▸ **Work instructions**
Beginning with the line that holds "Pain de campagne" and finishing with the line that holds "Damen Locker geschnittene", repeat the listing exactly, leaving every picture out.

▸ **Entries shown**
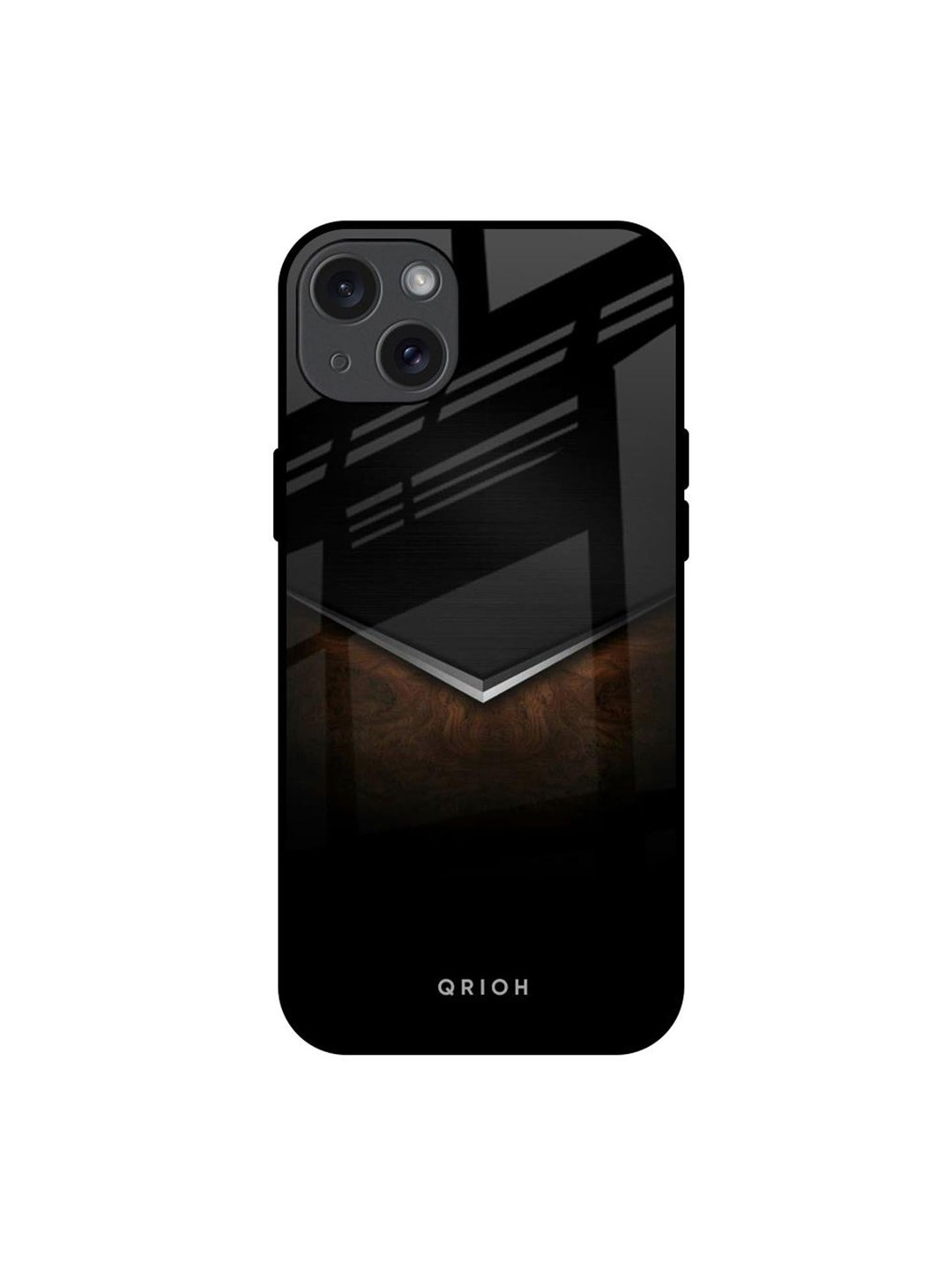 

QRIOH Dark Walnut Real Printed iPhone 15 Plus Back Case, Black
...
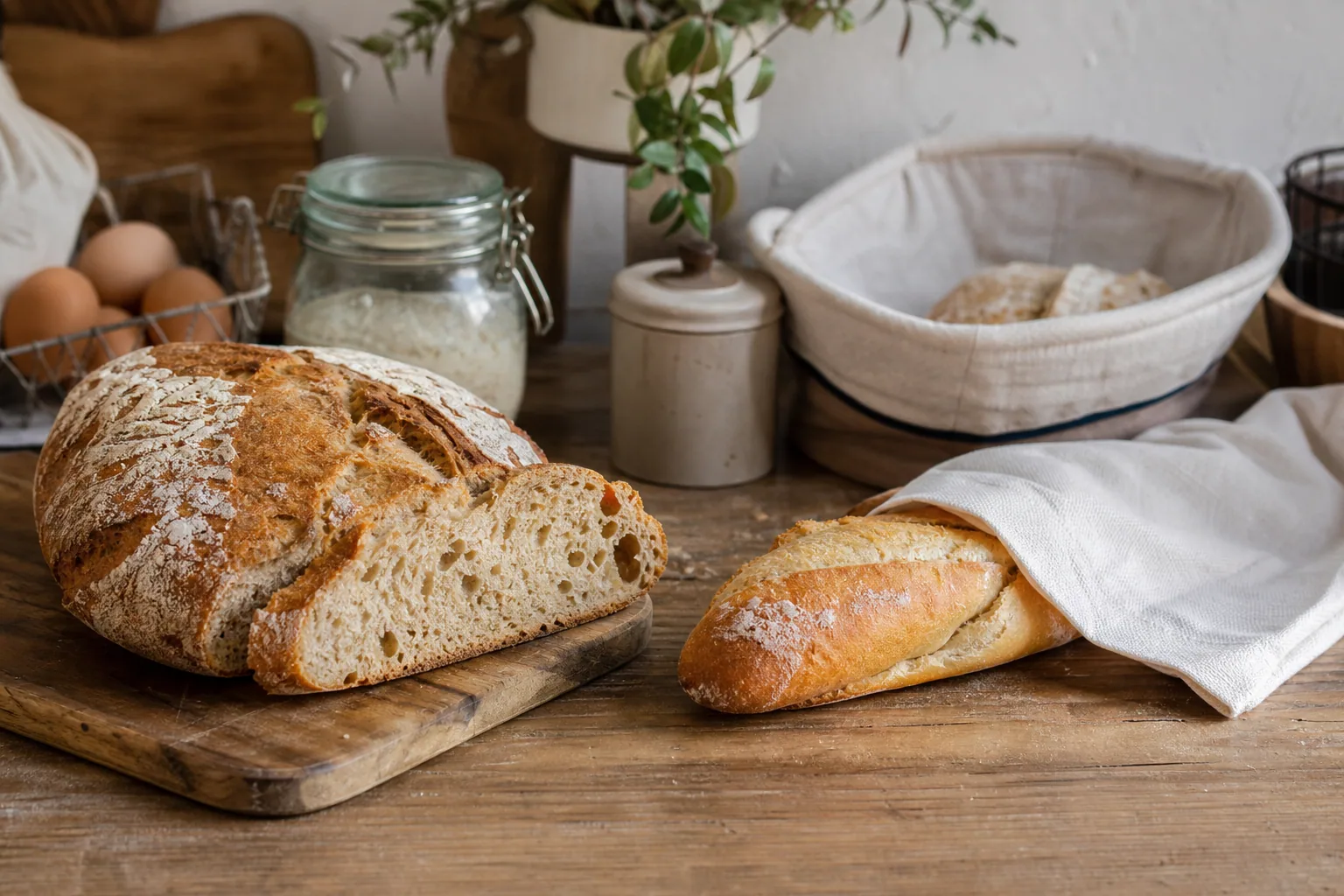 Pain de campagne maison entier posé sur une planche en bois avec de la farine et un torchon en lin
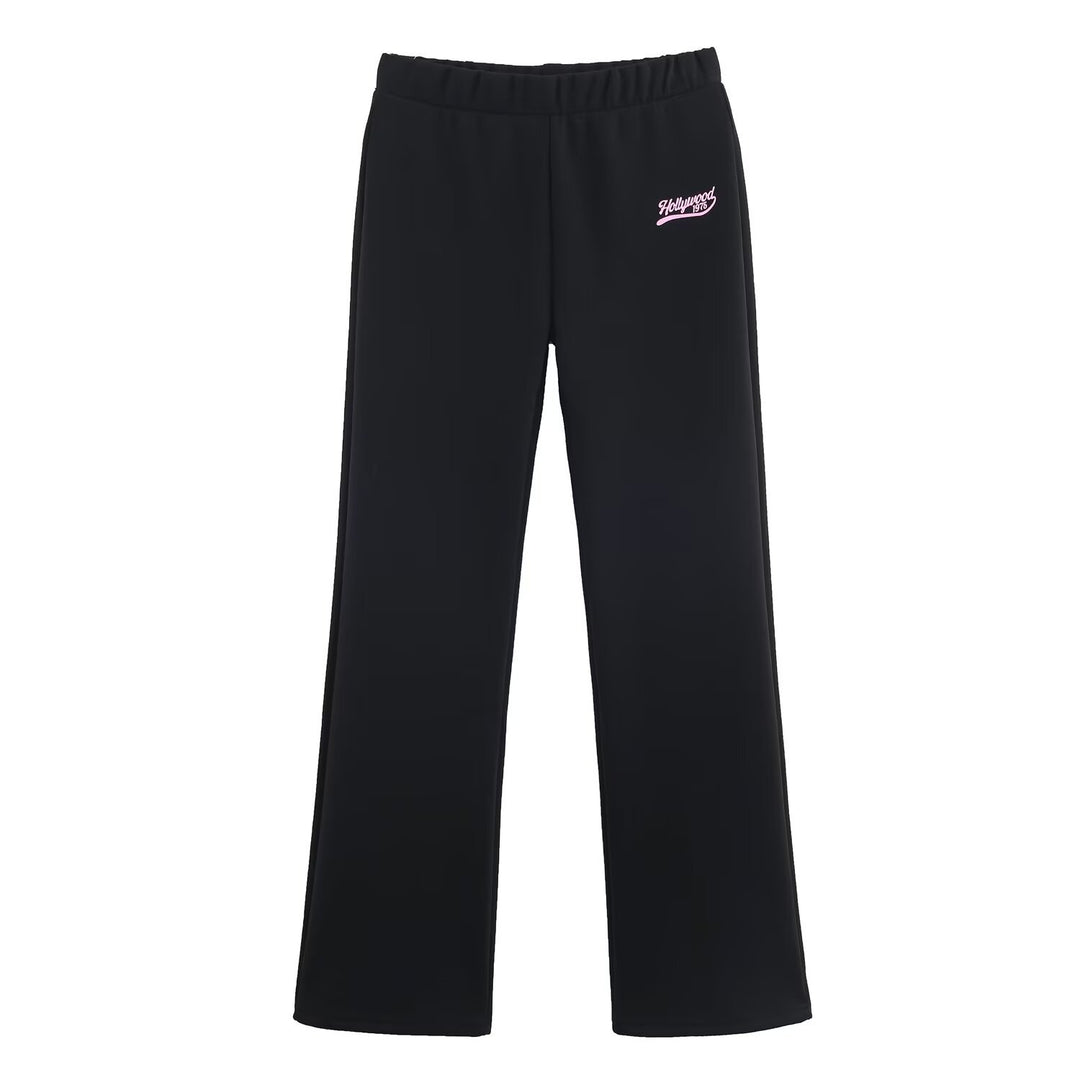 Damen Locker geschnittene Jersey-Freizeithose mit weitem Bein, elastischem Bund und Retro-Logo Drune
==
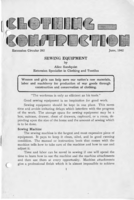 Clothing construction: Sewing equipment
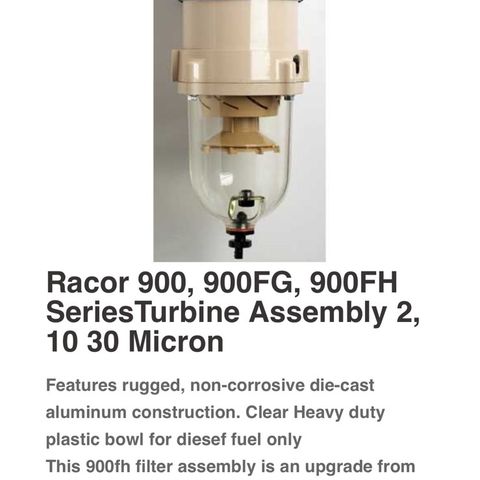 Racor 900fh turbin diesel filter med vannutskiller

▸ **Result of the exercise**
 Pain de campagne maison entier posé sur une planche en bois avec de la farine et un torchon en lin
 Damen Locker geschnittene Jersey-Freizeithose mit weitem Bein, elastischem Bund und Retro-Logo Drune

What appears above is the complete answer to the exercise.